- Work to complete
Every line from the one containing "Pug Trust the" to the one containing "Ciondolo classico con" in the records below, both included, must be set down exactly, and no other line.

== Data excerpts ==

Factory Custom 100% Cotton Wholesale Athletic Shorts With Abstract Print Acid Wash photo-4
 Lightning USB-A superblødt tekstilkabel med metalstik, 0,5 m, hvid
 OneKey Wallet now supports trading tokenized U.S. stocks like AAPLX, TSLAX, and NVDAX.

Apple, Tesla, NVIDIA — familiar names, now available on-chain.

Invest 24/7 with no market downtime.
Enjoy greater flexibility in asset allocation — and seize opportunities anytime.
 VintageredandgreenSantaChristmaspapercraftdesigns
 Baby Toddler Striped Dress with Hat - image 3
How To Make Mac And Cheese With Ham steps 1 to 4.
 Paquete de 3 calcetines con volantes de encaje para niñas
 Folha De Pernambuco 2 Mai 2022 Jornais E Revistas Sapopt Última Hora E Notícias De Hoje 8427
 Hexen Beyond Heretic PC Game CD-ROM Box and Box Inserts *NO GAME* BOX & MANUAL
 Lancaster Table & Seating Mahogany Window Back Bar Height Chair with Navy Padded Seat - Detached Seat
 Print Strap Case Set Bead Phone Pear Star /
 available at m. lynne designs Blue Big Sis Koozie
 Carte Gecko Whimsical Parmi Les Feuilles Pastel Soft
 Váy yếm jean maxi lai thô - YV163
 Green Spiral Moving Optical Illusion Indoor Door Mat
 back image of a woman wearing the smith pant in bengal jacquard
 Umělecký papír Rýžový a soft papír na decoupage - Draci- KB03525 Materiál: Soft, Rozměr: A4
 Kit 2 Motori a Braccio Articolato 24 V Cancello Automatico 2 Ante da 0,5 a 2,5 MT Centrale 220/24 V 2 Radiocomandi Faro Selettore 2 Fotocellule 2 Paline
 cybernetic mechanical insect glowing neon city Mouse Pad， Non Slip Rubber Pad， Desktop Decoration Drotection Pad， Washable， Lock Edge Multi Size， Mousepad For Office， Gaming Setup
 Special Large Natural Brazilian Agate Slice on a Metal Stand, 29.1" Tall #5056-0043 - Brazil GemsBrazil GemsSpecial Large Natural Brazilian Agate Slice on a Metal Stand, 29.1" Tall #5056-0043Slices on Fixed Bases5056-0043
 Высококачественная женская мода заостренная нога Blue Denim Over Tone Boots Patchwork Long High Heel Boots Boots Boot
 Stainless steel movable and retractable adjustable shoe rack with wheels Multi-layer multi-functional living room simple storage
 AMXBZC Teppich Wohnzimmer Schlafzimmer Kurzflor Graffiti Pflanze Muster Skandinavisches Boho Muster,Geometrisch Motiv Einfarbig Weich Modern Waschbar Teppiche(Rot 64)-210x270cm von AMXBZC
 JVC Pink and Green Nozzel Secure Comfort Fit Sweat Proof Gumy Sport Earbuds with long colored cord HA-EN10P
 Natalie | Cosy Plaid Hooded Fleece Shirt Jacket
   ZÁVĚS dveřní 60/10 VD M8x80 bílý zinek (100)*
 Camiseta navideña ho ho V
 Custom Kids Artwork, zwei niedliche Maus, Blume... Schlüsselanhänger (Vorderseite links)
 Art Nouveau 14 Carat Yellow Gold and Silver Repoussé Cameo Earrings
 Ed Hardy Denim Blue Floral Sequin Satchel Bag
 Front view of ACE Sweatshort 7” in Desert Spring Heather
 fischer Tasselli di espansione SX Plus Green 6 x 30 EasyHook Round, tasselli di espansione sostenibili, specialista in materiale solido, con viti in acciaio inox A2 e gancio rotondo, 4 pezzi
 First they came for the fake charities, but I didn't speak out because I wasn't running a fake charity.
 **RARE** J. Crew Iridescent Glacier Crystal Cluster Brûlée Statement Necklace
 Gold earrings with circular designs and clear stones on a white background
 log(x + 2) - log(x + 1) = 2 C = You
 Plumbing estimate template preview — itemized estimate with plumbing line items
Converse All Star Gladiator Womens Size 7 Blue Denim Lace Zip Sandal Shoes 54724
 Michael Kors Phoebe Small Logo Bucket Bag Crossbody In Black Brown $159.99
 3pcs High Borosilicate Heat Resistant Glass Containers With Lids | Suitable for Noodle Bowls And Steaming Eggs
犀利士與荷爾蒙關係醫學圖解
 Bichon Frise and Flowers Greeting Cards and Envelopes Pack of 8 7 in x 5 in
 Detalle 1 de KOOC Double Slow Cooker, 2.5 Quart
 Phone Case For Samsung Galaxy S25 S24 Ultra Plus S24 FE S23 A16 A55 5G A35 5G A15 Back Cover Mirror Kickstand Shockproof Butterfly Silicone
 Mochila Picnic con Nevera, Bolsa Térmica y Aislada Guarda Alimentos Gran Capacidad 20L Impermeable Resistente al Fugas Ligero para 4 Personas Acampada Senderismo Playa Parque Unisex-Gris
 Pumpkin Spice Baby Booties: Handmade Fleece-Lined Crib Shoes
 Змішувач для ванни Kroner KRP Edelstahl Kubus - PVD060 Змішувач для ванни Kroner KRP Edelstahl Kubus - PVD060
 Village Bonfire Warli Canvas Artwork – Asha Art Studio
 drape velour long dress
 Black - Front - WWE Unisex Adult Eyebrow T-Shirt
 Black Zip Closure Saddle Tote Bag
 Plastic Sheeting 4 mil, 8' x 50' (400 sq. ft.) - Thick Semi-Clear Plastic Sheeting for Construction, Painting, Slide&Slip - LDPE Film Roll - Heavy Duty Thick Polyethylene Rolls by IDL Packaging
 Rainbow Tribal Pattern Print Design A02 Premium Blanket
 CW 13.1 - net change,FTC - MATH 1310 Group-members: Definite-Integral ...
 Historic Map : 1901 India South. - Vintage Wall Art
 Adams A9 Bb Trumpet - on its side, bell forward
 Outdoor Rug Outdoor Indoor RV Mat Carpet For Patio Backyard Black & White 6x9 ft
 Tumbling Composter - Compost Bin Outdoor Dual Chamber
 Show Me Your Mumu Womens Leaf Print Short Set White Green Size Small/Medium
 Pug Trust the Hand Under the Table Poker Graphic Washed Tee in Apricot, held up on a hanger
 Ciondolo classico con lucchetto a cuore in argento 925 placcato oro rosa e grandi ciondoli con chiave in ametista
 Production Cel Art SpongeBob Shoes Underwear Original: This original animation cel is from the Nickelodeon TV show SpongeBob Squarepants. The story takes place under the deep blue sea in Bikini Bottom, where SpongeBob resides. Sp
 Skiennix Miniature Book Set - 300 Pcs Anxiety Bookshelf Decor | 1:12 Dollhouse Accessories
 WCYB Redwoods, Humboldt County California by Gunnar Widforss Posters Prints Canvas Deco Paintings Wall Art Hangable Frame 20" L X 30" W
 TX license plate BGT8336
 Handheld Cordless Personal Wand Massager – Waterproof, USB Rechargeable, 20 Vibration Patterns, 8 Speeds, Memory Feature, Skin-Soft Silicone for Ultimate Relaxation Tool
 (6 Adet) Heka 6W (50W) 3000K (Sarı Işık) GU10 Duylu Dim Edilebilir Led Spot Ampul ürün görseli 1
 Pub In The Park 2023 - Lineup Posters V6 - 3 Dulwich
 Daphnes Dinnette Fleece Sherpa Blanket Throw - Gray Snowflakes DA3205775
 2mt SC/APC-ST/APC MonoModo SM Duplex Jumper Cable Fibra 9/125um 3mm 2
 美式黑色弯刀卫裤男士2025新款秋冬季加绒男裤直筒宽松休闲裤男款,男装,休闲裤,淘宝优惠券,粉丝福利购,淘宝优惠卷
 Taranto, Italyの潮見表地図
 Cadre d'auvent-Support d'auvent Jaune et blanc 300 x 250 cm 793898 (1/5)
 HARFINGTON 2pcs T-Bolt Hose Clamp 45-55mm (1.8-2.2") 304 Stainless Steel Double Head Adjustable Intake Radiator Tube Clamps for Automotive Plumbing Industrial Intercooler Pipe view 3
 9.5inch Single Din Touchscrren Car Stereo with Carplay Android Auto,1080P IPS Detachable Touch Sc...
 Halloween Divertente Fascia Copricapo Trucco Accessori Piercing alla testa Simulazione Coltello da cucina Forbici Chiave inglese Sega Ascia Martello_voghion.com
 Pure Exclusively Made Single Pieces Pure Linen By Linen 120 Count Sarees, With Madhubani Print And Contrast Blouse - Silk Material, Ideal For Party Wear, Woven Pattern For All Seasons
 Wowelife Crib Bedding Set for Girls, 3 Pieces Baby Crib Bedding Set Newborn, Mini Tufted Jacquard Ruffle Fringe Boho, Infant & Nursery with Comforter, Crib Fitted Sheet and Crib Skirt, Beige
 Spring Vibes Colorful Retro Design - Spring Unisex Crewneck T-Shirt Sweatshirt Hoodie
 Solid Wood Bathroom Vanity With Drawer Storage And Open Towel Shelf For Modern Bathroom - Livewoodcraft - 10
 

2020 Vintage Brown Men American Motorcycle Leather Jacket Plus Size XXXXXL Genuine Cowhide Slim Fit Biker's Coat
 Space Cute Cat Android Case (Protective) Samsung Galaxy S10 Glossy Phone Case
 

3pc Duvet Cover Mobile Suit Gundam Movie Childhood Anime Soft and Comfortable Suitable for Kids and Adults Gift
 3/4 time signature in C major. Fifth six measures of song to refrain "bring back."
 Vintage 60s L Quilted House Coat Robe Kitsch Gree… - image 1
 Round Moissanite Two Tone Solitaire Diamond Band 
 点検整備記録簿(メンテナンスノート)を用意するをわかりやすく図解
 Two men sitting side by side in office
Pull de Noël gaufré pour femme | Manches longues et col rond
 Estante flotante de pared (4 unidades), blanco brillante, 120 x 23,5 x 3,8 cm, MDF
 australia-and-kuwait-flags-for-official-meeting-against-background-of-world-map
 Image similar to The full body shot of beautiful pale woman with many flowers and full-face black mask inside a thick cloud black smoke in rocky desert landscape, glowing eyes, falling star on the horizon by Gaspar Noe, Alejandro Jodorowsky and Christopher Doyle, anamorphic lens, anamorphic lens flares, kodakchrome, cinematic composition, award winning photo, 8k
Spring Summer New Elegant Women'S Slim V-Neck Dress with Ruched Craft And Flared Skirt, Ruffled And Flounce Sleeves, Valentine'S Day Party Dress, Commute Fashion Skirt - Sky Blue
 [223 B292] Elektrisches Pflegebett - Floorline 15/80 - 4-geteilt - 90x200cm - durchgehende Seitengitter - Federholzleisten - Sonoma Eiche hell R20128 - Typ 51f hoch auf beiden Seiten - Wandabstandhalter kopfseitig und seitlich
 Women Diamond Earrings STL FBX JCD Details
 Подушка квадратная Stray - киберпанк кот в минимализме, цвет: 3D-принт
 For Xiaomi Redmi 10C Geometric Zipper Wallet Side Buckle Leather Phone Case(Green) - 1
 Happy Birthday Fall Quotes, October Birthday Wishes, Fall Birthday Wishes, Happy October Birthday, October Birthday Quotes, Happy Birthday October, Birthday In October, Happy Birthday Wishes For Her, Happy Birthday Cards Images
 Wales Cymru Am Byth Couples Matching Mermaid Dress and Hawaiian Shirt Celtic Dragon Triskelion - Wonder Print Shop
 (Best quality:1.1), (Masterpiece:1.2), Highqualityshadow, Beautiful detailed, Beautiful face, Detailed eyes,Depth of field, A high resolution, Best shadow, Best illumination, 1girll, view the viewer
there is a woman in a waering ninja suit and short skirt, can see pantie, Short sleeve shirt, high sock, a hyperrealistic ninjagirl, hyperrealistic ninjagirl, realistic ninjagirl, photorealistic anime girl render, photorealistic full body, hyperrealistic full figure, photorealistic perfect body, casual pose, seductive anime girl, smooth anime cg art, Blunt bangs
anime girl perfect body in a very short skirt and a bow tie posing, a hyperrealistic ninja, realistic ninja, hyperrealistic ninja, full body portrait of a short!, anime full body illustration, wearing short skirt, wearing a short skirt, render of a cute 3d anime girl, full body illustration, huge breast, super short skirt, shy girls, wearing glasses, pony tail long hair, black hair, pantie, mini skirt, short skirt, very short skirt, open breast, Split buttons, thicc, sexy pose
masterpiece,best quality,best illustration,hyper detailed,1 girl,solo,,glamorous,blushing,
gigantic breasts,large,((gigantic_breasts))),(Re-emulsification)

===

- Task result
 Pug Trust the Hand Under the Table Poker Graphic Washed Tee in Apricot, held up on a hanger
 Ciondolo classico con lucchetto a cuore in argento 925 placcato oro rosa e grandi ciondoli con chiave in ametista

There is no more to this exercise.